Variations of a zeta potential and b separation height with the addition of PAA-NH4
A typical specimen cosintered at 1,400 °C. The YSZ film (white/opaque) was deposited on Ni/YSZ cermet (green) via aqueous EPD
Figures 6 and 7 illustrate the effects of current density and dispersant concentration on deposition rate, respectively. It is found that the deposition rate increases with increasing current density and decreases with increasing PAA-NH4 concentration. The former is generally expected, while the latter can be rationalized as follows. With higher concentration of PAA-NH4 added and dissociated into PAA− and \({\text{NH}}_4^ + \) in the suspension, the electric resistance of the suspension is found to become lower and so are the potential drop across the electrodes and the strength of electric field for EPD, under constant current control. This lowered driving force for electrophoresis thus lowers the deposition rate. Alternatively, one can also argue that with increasing PAA-NH4 concentration, the adsorbed amount of PAA− ions per YSZ particle becomes larger and thus dictates less amount of particles to be deposited on the anode because our EPD is proceeded at a constant current condition. Figure 8 schematically illustrates such a viewpoint of Faraday’s law, where four particles on the left for the case of a low dispersant concentration carry the same amount of charge to be transferred as that carried by two particles on the right for the case of a high dispersant concentration. Therefore, lower dispersant concentration gives higher deposition rate. Further experiments and discussions to verify this argument will be presented in another paper to be followed soon.
Effects of current density on deposition rate
Effects of PAA-NH4 concentration on deposition rate
A schematic illustrates the decrease of deposition rate with increasing adsorption of PAA− ions per YSZ particle, from the viewpoint of Faraday’s law
Most of all, the uniformity and quality of the film can be controlled, from thicker to thinner films, as demonstrated by Figs. 9 and 10, which show scanning electron micrographs of the cross sections of two specimens, deposited at 2.2 mA/cm2 for 75 and 30 s, respectively, and sintered at 1,400 °C for 4 h subsequently. Dense and uniform YSZ films, about 15 and 6 μm in thickness, respectively, are able to be made in this way. The highly uniform and dense microstructure of this YSZ film with grain size about 0.25 μm is also shown in Fig. 11. Such a YSZ film guarantees gas tightness and effectively lowers the operation temperature of SOFC, especially when the film thickness becomes as low as 6 μm. Therefore, it is proven that aqueous EPD is a powerful and versatile method to make a thin electrolyte film for SOFC applications.

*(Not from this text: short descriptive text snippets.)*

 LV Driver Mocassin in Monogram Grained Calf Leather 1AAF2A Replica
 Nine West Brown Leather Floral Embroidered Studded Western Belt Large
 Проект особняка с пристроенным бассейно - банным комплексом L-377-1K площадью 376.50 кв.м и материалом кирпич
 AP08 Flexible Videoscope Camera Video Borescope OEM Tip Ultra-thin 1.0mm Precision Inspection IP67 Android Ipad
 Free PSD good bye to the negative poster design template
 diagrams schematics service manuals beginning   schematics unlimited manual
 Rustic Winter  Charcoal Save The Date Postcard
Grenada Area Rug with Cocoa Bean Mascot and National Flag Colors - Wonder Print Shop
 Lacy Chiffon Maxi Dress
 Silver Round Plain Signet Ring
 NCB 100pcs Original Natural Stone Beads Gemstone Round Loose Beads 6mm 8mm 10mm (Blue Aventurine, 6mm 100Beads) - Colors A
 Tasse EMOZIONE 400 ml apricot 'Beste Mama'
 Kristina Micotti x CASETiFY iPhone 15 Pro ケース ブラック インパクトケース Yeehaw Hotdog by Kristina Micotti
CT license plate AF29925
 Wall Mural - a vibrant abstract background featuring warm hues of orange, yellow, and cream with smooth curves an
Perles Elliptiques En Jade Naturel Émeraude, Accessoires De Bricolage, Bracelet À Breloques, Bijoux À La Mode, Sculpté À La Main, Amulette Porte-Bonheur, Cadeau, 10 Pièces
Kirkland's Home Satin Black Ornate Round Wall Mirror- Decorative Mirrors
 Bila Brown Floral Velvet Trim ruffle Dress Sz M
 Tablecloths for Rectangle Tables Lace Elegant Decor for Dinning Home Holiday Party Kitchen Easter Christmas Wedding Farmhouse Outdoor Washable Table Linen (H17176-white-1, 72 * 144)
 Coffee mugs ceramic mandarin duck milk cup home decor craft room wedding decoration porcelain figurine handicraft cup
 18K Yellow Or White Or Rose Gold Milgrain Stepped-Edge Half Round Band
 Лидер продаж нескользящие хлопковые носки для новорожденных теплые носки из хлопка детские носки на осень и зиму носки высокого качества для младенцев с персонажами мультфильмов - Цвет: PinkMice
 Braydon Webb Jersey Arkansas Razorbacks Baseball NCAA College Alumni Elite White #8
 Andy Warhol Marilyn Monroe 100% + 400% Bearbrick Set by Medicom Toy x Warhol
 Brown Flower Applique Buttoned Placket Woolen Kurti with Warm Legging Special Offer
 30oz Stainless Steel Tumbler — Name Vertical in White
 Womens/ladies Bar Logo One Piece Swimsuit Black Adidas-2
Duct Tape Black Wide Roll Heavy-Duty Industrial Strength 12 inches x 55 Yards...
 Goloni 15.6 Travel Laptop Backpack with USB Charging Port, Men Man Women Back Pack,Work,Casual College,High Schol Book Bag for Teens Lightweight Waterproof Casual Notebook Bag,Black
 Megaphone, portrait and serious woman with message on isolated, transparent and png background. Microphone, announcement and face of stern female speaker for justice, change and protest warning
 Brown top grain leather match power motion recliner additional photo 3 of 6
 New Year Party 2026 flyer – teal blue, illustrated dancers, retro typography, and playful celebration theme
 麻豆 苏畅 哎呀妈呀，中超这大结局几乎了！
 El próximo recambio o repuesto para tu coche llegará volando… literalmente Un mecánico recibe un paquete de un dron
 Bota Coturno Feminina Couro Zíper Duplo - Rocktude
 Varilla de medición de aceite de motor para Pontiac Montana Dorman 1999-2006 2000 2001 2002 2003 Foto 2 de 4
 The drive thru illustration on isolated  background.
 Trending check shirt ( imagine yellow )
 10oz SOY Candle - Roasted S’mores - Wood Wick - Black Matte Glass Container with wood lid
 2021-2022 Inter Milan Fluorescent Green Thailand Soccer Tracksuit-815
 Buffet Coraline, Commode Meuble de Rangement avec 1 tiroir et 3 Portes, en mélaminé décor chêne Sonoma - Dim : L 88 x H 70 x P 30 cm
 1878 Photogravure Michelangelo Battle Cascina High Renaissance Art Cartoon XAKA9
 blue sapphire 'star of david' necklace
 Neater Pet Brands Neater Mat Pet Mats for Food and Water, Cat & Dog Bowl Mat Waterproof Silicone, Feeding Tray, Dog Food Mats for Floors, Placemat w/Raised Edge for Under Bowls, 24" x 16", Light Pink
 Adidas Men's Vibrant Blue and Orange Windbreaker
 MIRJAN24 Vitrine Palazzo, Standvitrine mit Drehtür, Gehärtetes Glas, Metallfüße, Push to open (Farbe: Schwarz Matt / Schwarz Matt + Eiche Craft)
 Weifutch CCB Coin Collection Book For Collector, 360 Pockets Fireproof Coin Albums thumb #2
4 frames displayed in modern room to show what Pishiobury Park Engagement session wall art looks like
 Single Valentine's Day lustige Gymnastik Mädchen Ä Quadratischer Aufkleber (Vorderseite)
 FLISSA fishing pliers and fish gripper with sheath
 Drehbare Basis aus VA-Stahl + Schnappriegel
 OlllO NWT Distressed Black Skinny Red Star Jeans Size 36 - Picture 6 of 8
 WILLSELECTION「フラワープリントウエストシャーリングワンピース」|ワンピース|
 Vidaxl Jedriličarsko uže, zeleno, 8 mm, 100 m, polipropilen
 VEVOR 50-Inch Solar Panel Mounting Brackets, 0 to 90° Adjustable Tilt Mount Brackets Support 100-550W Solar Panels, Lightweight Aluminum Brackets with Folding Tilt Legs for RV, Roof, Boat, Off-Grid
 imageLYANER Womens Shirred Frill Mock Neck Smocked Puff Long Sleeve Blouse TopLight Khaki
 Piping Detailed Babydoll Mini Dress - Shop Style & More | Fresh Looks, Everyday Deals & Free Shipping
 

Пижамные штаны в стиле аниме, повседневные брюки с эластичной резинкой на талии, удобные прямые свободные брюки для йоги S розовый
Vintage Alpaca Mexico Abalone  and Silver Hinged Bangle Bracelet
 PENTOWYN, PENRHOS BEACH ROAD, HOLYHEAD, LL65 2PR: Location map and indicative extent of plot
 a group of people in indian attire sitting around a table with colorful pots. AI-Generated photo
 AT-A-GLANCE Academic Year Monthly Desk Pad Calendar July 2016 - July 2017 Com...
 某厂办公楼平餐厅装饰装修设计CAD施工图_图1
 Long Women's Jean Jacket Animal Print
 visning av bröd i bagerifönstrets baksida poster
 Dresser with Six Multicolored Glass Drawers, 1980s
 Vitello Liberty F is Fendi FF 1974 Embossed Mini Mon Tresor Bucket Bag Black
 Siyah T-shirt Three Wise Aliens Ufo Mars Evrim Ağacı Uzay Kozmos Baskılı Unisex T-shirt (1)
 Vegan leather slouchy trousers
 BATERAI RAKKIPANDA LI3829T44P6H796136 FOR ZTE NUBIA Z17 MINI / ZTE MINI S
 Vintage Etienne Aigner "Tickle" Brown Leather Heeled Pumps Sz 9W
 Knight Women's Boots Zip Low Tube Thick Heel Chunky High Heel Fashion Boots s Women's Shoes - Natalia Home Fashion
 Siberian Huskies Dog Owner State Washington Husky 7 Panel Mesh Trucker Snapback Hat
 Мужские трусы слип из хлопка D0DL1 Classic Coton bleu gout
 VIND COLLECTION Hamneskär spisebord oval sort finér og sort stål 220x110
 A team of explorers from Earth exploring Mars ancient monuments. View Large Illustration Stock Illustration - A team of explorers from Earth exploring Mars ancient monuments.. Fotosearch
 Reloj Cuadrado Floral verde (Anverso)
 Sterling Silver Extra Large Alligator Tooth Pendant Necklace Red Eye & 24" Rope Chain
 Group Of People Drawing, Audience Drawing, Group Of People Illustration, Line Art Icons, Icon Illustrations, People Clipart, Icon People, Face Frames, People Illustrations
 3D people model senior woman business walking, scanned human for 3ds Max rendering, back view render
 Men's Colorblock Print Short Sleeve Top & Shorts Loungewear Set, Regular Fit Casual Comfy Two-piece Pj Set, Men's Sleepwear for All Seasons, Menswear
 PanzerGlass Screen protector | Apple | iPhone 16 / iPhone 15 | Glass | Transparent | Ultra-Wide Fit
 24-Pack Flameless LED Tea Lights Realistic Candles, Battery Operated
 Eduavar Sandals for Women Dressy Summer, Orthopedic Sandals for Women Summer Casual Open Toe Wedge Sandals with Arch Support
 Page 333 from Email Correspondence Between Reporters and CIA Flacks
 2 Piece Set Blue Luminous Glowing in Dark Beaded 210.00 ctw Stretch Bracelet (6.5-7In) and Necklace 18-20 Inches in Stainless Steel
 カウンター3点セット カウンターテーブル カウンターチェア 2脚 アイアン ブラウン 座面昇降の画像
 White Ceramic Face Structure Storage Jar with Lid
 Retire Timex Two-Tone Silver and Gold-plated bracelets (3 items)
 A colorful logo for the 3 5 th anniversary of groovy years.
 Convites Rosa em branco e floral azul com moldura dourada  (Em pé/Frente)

Cross-section of a 15-μm-thick YSZ film deposited at 2.2 mA/cm2 for 75 s, with 0.67 wt% of PAA-NH4, and sintered at 1,400 °C for 4 h
Cross-section of a 6-μm-thick YSZ film deposited at 2.2 mA/cm2 for 30 s, with 0.67 wt% of PAA-NH4, and sintered at 1,400 °C for 4 h
Microstructure of a YSZ film deposited at 2.2 mA/cm2 for 30 s, with 0.67 wt.% of PAA-NH4, and sintered at 1,400 °C for 4 h
Last but not least, there are some phenomena during EPD worth noting too. Figure 12a and b demonstrate typical results of voltage variation with time for EPD on Ni/YSZ cermets, which are presintered at 1,100 °C, with and without reduction treatment, respectively. In general, there are two basic trends to be noted. Firstly, the voltage decreases with increasing PAA-NH4 concentration because of lower slurry resistance as mentioned before. Secondly, a comparison between these two figures elucidates the fact that the reduced substrate shows lower EPD voltage because of lower electrode resistance as expected. And above all, it is thus found that nonconductive yet suitably porous (i.e., containing effective through-pores) materials, like our Ni/YSZ cermets even without reduction treatment (i.e., NiO/YSZ, to be precise), could still be used as substrates for EPD, if only with the help of an auxiliary electrode. The seemingly irregular variations of voltage for all cermet substrates, especially for the ones with higher voltage, simply correspond to the irregular variations of electrophoretic routes of the conductive species, either to or from the auxiliary electrode via the porous substrate and the growing porous deposit, during EPD. Thus, for instance, an increase in voltage during EPD might simply correspond to a just-developed blockage of electrophoretic routes of the conductive species.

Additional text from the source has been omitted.